Chris Bataille, associate researcher at the Institute for Sustainable Development and International Relations in Paris, believes a new body is needed to get the world on course to meet international climate commitments.

“Given how slow we are moving, we can’t be counting on analytical institutions like the IEA or the International Renewables Energy Agency (IRENA),” he says. “We need a new international clean electricity agency focused on holding global warming to 1.5°C that would be able to help channel clean energy finance, technology and skills training to help countries move quickly to clean energy economies, a sort of International Monetary Fund for energy.”
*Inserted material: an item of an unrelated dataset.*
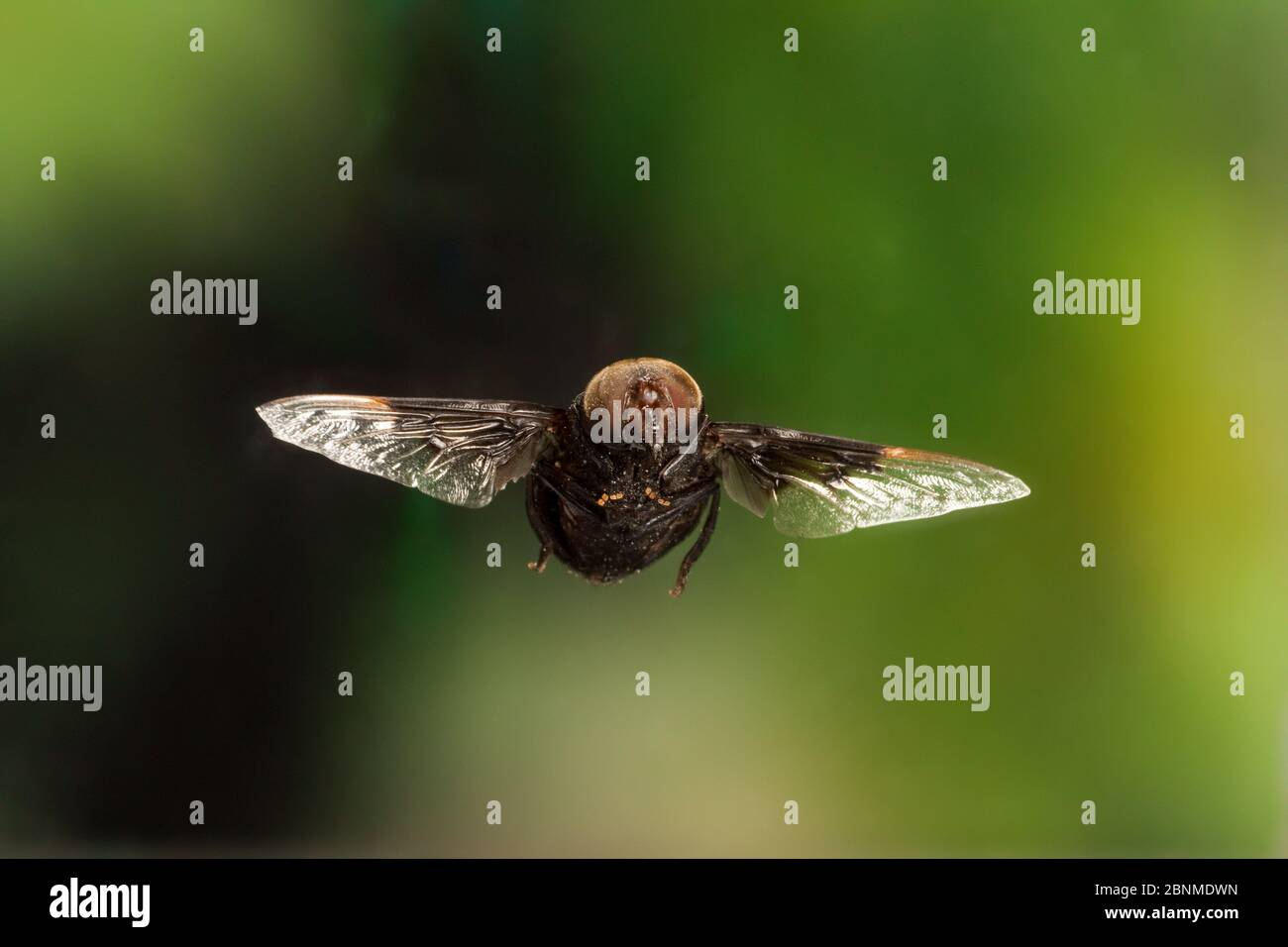 Mouche mexicaine de cactus (Copestylum mexicanum) en vol, Comté de Travis, Texas, États-Unis. Conditions contrôlées. Mars Banque D'Images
Teske doesn’t agree that yet another agency is the solution. He believes Abu Dhabi-headquartered IRENA, established in 2009 with German government funding and now supported by 183 countries, is “in a very good position to do the job and be a cornerstone for the energy transition”. However, for IRENA to be able to manage this task, he calls for its funding to be massively ramped up from $22m in 2020 to $1bn by 2030.

Joeri Rogelj, Director of Research at the Grantham Institute, Imperial College London, offers a third way to move forward. “The IEA has been extremely successful in providing annual updates that are easy to incorporate in business plans,” he says. Maybe businesses should simply be aware the IEA is only one source of information, and a lot can be learned from other sources, such as the reports from the Intergovernmental Panel on Climate Change (IPCC) or the reports of IRENA.”

Whoever is in charge, getting energy transition scenarios right is critical “for world climate change predictions and for saving economies”, says Fell, referring to the threat of stranded assets and bankruptcies if investment continues in infrastructure that becomes obsolete the minute it comes online.